◆ Data excerpt
================================

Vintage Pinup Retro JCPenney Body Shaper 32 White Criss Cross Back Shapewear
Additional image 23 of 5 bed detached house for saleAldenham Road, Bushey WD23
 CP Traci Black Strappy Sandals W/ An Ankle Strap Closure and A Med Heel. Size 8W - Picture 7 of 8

================================

Reproduce the entire listing. Keep every word as it is.

◆ Answer to this problem
Vintage Pinup Retro JCPenney Body Shaper 32 White Criss Cross Back Shapewear
Additional image 23 of 5 bed detached house for saleAldenham Road, Bushey WD23
 CP Traci Black Strappy Sandals W/ An Ankle Strap Closure and A Med Heel. Size 8W - Picture 7 of 8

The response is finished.